Metacharacter Meaning Example Matches
. Any single character (except newline) a.c abc, a1c, a-c
\d Digit (0-9) \d{3} 123, 456
\D Non-digit \D+ abc, ---
\w Alphanumeric and underscore \w+ hello_123
\W Non-word character \W @, #,
\s Whitespace \s+ , \t, \n
\S Non-whitespace \S+ hello

Anchors

Anchors match positions rather than characters themselves.

Metacharacter Meaning Example Description
^ Start of line ^Hello Matches "Hello" at the start
$ End of line end$ Matches "end" at the end
\b Word boundary \bcat\b Matches "cat", not "catch"

Character Sets

Square brackets [] let you define custom character classes.

[abc]       # Any of a, b, or c
[a-z]       # Any lowercase letter
[A-Za-z]    # Any letter (upper or lower)
[0-9]       # Any digit (equivalent to \d)
[^0-9]      # Any non-digit (^ means negation)
[a-zA-Z0-9_] # Alphanumeric and underscore (equivalent to \w)

Quantifiers

Quantifiers specify how many times the preceding element should repeat.

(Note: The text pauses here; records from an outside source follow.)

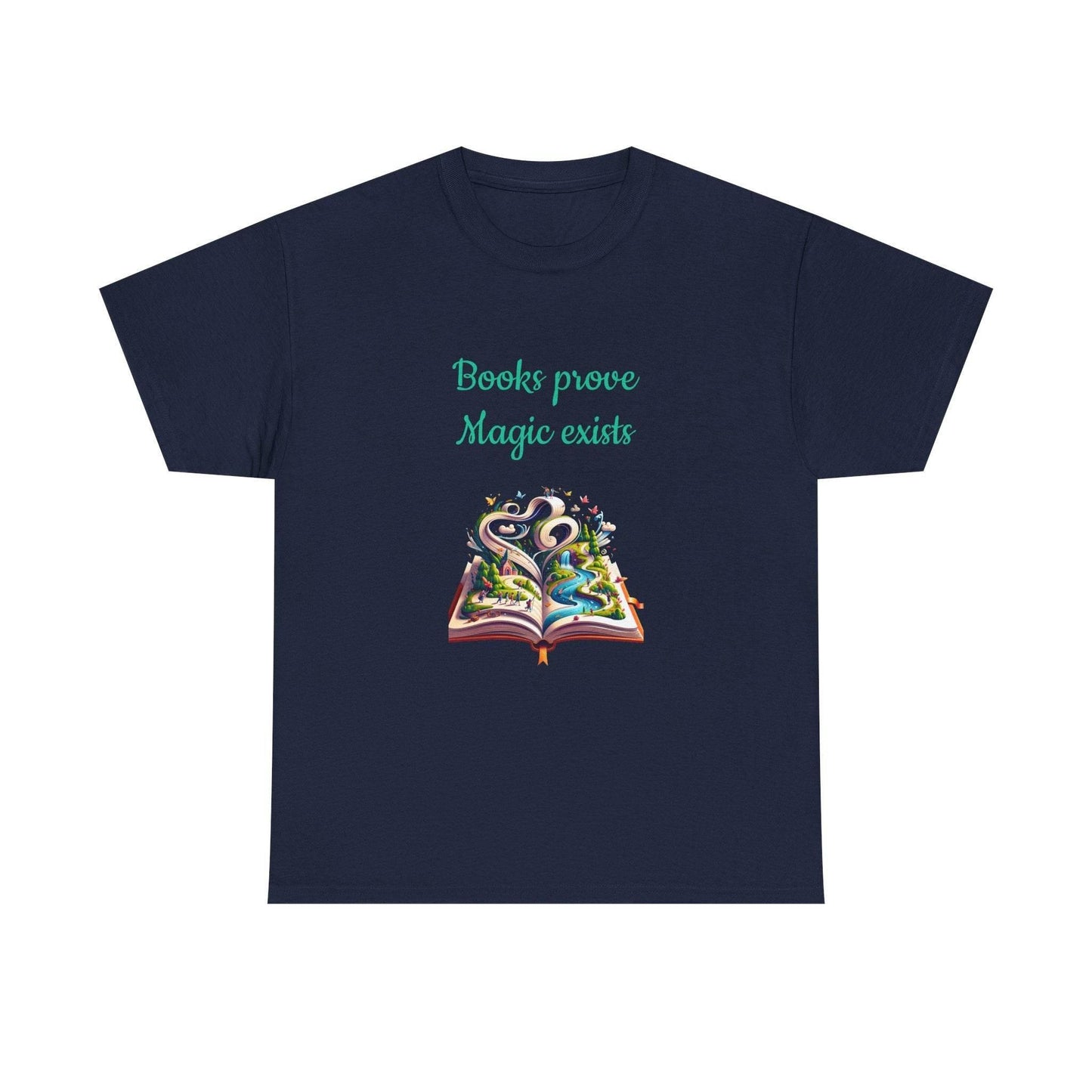 Magic Exists -A Unisex Heavy Cotton Tee - Perfect for Book Lovers - The Dreamer's Bookshop.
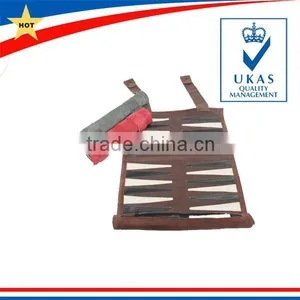 High Quality Soft Genuine Leather Oriental Backgammon thumbnail-6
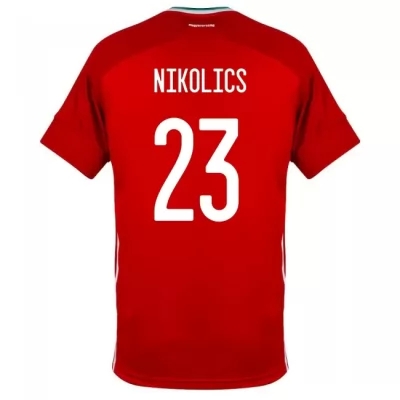 Femme Équipe de Hongrie de football Maillot Nemanja Nikolics #23 Tenues Domicile Rouge 2021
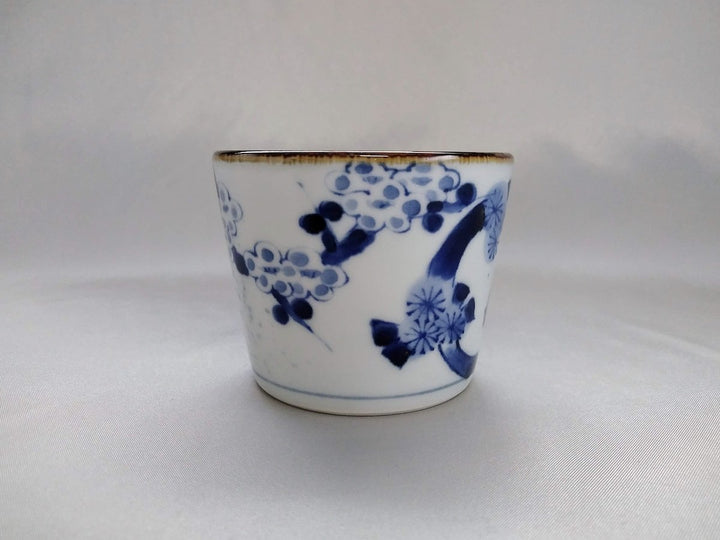 Sometsuke Shochikubai Soba Cup - Crafted By Kanemon Kiln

Quantifier Meaning Example Matches
* 0 or more ab*c ac, abc, abbc
+ 1 or more ab+c abc, abbc
? 0 or 1 colou?r color, colour
{n} Exactly n \d{4} 2026
{n,} n or more \d{2,} 12, 123, 1234
{n,m} Between n and m \d{2,4} 12, 123, 1234

Greedy vs. Lazy Matching

By default, quantifiers are "greedy" — they match as many characters as possible. Adding ? after a quantifier makes it "lazy," matching as few as possible.

# Input: <div>hello</div>
<.*>      # Greedy: matches <div>hello</div> entirely
<.*?>     # Lazy: matches <div> only

Lazy matching is particularly useful when extracting HTML tags or quoted strings.

Grouping and Capturing

Parentheses () group patterns together and capture (extract) the matched portions.

Basic Grouping

(abc)+      # One or more repetitions of "abc"
(red|blue)  # "red" or "blue"

Using Capture Groups

const pattern = /(\d{4})-(\d{2})-(\d{2})/;
const match = "2026-03-08".match(pattern);

console.log(match[1]); // "2026" (year)
console.log(match[2]); // "03"   (month)
console.log(match[3]); // "08"   (day)

Named Capture Groups

The (?<name>...) syntax lets you assign names to groups, greatly improving readability.

const pattern = /(?<year>\d{4})-(?<month>\d{2})-(?<day>\d{2})/;
const match = "2026-03-08".match(pattern);

console.log(match.groups.year);  // "2026"
console.log(match.groups.month); // "03"
console.log(match.groups.day);   // "08"

Non-Capturing Groups

When you don't need to save the match result, (?:...) creates a non-capturing group. This offers a slight performance advantage.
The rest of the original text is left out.